> _Description of the task_
Once you find the line that contains "Dzieci siedzą wzdłuż" in the entries below, give it again along with every following line, unchanged, through the final one.

[Entries taken from a collection]
⁂
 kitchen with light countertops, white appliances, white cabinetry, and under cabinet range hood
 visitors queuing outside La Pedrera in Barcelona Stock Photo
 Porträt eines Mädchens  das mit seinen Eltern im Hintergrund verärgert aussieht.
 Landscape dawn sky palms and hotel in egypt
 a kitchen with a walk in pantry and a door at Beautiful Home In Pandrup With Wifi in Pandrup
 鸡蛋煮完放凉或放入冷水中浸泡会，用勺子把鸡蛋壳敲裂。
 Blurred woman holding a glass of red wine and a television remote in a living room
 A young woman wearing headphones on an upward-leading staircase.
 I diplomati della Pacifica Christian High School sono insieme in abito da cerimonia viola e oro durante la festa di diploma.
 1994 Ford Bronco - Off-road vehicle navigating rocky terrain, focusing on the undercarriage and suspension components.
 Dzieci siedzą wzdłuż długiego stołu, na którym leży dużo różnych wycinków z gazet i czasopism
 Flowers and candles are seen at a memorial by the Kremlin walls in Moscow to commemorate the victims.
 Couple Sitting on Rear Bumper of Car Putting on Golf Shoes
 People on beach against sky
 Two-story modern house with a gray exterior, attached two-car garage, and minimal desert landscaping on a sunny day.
⁂
> _Solved problem_
 Dzieci siedzą wzdłuż długiego stołu, na którym leży dużo różnych wycinków z gazet i czasopism
 Flowers and candles are seen at a memorial by the Kremlin walls in Moscow to commemorate the victims.
 Couple Sitting on Rear Bumper of Car Putting on Golf Shoes
 People on beach against sky
 Two-story modern house with a gray exterior, attached two-car garage, and minimal desert landscaping on a sunny day.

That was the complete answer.